_Problem details_. In full and word for word, print the data below.

*** Recorded data ***

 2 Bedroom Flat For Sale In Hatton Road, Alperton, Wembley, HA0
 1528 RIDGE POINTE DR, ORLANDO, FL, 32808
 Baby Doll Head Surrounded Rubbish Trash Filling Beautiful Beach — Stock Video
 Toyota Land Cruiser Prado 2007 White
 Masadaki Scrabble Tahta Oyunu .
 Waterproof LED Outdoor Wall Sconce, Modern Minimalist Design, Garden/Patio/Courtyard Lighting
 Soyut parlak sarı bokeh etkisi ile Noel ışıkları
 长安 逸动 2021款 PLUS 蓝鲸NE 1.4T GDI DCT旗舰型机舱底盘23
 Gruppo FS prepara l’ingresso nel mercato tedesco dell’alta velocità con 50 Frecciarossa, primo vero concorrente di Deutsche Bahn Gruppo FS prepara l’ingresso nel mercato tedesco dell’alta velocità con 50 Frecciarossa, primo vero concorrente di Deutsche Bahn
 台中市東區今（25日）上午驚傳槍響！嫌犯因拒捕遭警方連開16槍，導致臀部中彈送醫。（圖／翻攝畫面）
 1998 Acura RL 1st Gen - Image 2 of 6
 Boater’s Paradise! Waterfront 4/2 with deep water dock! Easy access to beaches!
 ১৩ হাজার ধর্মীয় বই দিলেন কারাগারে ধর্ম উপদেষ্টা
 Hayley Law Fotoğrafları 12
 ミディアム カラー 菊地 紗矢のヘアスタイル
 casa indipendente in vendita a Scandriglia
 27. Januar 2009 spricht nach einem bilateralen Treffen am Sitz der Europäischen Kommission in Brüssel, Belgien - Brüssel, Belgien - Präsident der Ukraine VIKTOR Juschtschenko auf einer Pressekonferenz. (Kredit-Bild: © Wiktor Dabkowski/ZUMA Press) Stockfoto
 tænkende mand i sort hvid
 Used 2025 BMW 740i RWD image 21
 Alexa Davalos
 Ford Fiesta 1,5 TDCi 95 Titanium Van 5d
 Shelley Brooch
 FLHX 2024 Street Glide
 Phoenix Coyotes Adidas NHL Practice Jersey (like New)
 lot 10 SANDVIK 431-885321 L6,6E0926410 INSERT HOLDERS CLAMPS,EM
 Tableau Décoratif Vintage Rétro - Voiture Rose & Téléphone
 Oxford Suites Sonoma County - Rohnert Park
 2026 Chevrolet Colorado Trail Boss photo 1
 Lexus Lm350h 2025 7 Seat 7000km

*** End of Recorded data ***

_Task response_.
 2 Bedroom Flat For Sale In Hatton Road, Alperton, Wembley, HA0
 1528 RIDGE POINTE DR, ORLANDO, FL, 32808
 Baby Doll Head Surrounded Rubbish Trash Filling Beautiful Beach — Stock Video
 Toyota Land Cruiser Prado 2007 White
 Masadaki Scrabble Tahta Oyunu .
 Waterproof LED Outdoor Wall Sconce, Modern Minimalist Design, Garden/Patio/Courtyard Lighting
 Soyut parlak sarı bokeh etkisi ile Noel ışıkları
 长安 逸动 2021款 PLUS 蓝鲸NE 1.4T GDI DCT旗舰型机舱底盘23
 Gruppo FS prepara l’ingresso nel mercato tedesco dell’alta velocità con 50 Frecciarossa, primo vero concorrente di Deutsche Bahn Gruppo FS prepara l’ingresso nel mercato tedesco dell’alta velocità con 50 Frecciarossa, primo vero concorrente di Deutsche Bahn
 台中市東區今（25日）上午驚傳槍響！嫌犯因拒捕遭警方連開16槍，導致臀部中彈送醫。（圖／翻攝畫面）
 1998 Acura RL 1st Gen - Image 2 of 6
 Boater’s Paradise! Waterfront 4/2 with deep water dock! Easy access to beaches!
 ১৩ হাজার ধর্মীয় বই দিলেন কারাগারে ধর্ম উপদেষ্টা
 Hayley Law Fotoğrafları 12
 ミディアム カラー 菊地 紗矢のヘアスタイル
 casa indipendente in vendita a Scandriglia
 27. Januar 2009 spricht nach einem bilateralen Treffen am Sitz der Europäischen Kommission in Brüssel, Belgien - Brüssel, Belgien - Präsident der Ukraine VIKTOR Juschtschenko auf einer Pressekonferenz. (Kredit-Bild: © Wiktor Dabkowski/ZUMA Press) Stockfoto
 tænkende mand i sort hvid
 Used 2025 BMW 740i RWD image 21
 Alexa Davalos
 Ford Fiesta 1,5 TDCi 95 Titanium Van 5d
 Shelley Brooch
 FLHX 2024 Street Glide
 Phoenix Coyotes Adidas NHL Practice Jersey (like New)
 lot 10 SANDVIK 431-885321 L6,6E0926410 INSERT HOLDERS CLAMPS,EM
 Tableau Décoratif Vintage Rétro - Voiture Rose & Téléphone
 Oxford Suites Sonoma County - Rohnert Park
 2026 Chevrolet Colorado Trail Boss photo 1
 Lexus Lm350h 2025 7 Seat 7000km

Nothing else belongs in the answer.